**What you need to do**.
When you reach the line with "Load image into" in the records below, begin transcribing exactly and continue up to and including the line with "中超直播软件哪个好用点的", leaving out every picture.

**Extracted information**.
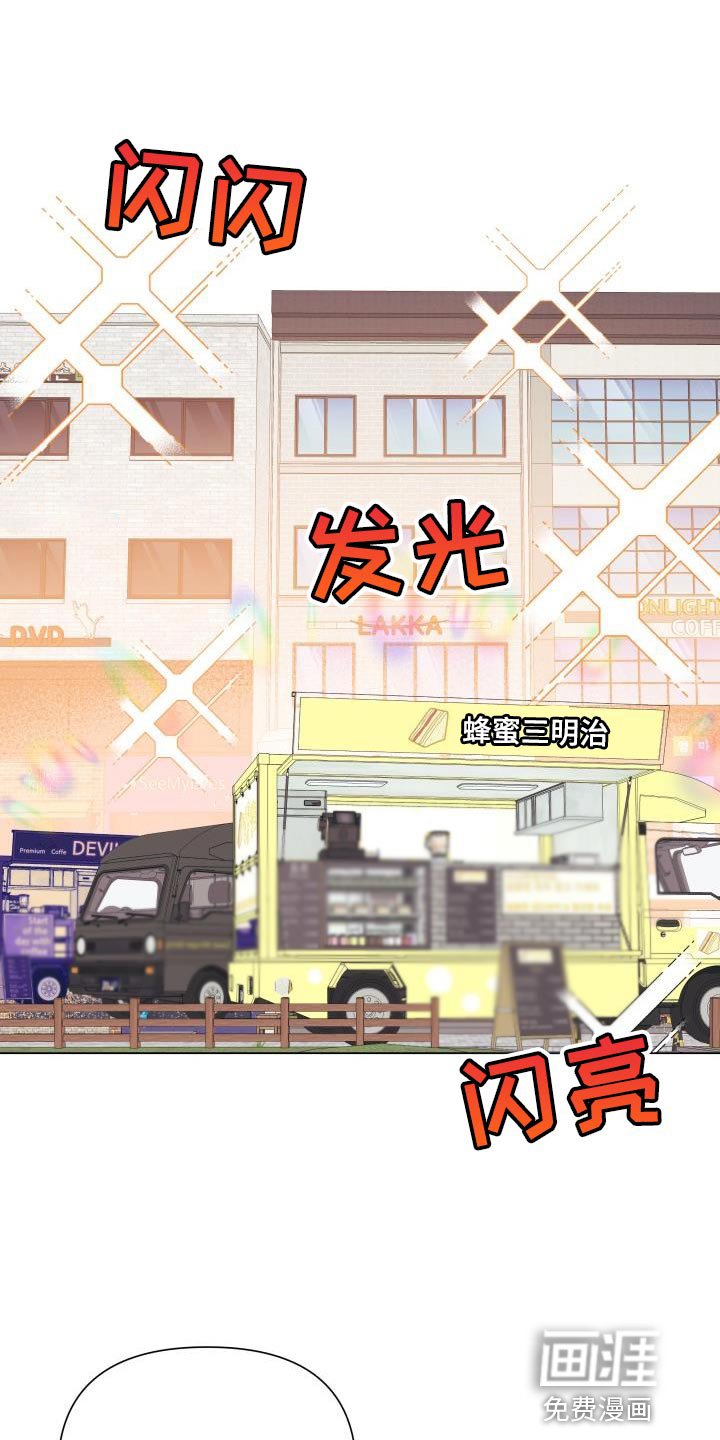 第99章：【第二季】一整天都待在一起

--

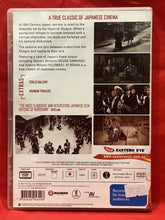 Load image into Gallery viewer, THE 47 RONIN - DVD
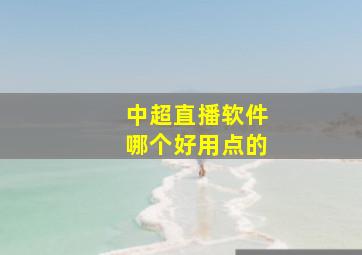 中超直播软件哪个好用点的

**Answer for this exercise**.
 Load image into Gallery viewer, THE 47 RONIN - DVD
 中超直播软件哪个好用点的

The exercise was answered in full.